Before writing about the situation involving Penn State it is important to note that the facts of the matter have not been settled in a court of law. As such, what follows will be based, in part, on assumptions about what might (or might not) have happened.
While the incidents involving Sandusky and Penn State have gotten a great deal of media attention, it is not uncommon for institutions (especially powerful institutions) to conceal the misdeeds of members so as to protect them and, of course, the institution. My pointing out that this practice is a common one is not intended as a defense. Rather, it is intended to indicate that this is not an isolated problem.
While the matter might seem complicated, the ethics of the matter are actually quite straightforward.

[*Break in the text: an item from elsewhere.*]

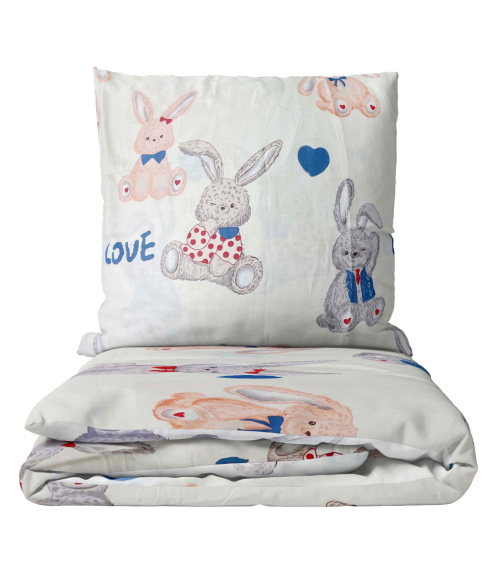 Satin påslakanset „Hare“. Satin påslakan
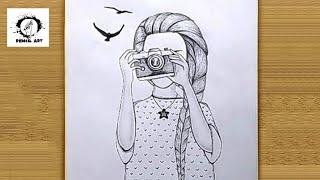 Easy Girl with Camera Drawing | world photography day drawing | easy girl sketch | easy shading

McQueary alleges that he witnessed Sandusky raping a young boy. If this is true, then he was morally obligated to, at the very least call the police. Apparently, he now alleges that this is what he did. However, the original narrative was that he had spoken with his father who told him to talk to the head coach Paterno. Nothing came of this 2002 event until now.
At this point, the evidence seems to indicate that the incident was concealed by officials at Penn State. These officials, including Paterno and the university president, were fired. Interestingly, these firings occurred (obviously) before the relevant cases have been addressed in court. This does raise a moral question of whether these firings were morally justified-after all, it remains to be seen if, in fact, a crime was concealed. However, it can be argued that while the matter has yet to be settled in a court of law, the evidence of misdeeds on the part of the officials is adequate to justify their firing.
People who hold power in institutions, as might be imagined, have a tendency to believe that they have the right and the authority to handle situations they see as relevant to their interests. There is also, as Socrates noted, a tendency on the part of people to desire to conceal misdeeds. These two factors tend to lead to such (alleged) acts of concealment. People who work in such institutions are also often pressured into accepting the idea that almost everything must go through the “chain of command.” To use a a minor example, when I first started teaching I found that the lights did not work in the room in which I taught my night class. I, as I recall, made the mistake of trying to contact the physical plant folks directly (as I had been able to do at Ohio State). The result was that I was chastised by a university official for violating the “chain of command.” While that was a surreal experience, it does illustrate the sort of mindset that can exist in institutions.
In the abstract, one key moral issue is the extent to which an institution such as Penn State has the moral right to claim the authority to resolve a situation. In many cases, an institution does have that authority. For example, if a grade dispute arises in one of my classes, the university officials have the authority to resolve the issue. This is because grade disputes fall under the legitimate domain of the institution-namely that of education and related matters.
In other cases, the institution would exceed its legitimate authority and thus potentially act in an immoral way by such an infringement. This would be especially likely in cases in which the intervention of the institution’s “authority” would result in a denial of access to the legitimate authority by those involved in the situation. This can occur in cases in which those who are denied such access are victims (for example, students who are victims of sex crimes that are “resolved” by a university rather than by the police) as well as cases in which the perpetrators are denied (or protected from) the legitimate authority (such as perpetrators of sexual harassment being shielded by the institution).
Judging the extent of authority can involve considering the legal authority of the institution as well as the moral aspects of the matter. To be specific, a core aspect of this matter is determining this legitimate authority.
In the Penn State case, if it is assumed that such an assault took place and was reported to the university officials (and not police), then it would seem rather clear that the university officials acted beyond their legitimate authority. After all, a football coach and some college administrators do not have the moral authority to resolve an alleged rape. A coach does have the authority to, for example, bench players for poor grades. A university official can, for example, legitimately have the authority to resolve a grade dispute. However, rape is not a sports or academic matter-it is a matter for law enforcement, a matter for the police.